In the entries below, find every line with the string "Thumbnail" and copy it.

*** DATA RECORDS ***

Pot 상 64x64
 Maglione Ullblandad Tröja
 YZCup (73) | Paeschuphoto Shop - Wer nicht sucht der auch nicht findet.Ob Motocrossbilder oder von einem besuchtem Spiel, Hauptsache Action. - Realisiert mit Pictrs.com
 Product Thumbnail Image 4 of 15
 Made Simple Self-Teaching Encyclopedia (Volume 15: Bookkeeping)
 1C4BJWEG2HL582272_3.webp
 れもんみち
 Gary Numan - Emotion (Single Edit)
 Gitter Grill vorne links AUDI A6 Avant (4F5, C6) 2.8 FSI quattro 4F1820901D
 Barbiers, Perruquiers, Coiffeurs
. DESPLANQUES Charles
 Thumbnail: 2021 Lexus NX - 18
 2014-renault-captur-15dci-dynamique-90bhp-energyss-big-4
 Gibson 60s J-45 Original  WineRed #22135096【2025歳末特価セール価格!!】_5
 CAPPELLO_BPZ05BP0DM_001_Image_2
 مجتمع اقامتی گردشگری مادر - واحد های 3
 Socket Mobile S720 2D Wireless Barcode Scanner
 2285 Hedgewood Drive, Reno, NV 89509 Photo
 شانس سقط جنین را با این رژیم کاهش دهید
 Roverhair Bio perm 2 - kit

*** End of DATA RECORDS ***

◆ OUTPUT FOR THIS EXERCISE ◆
 Product Thumbnail Image 4 of 15
 Thumbnail: 2021 Lexus NX - 18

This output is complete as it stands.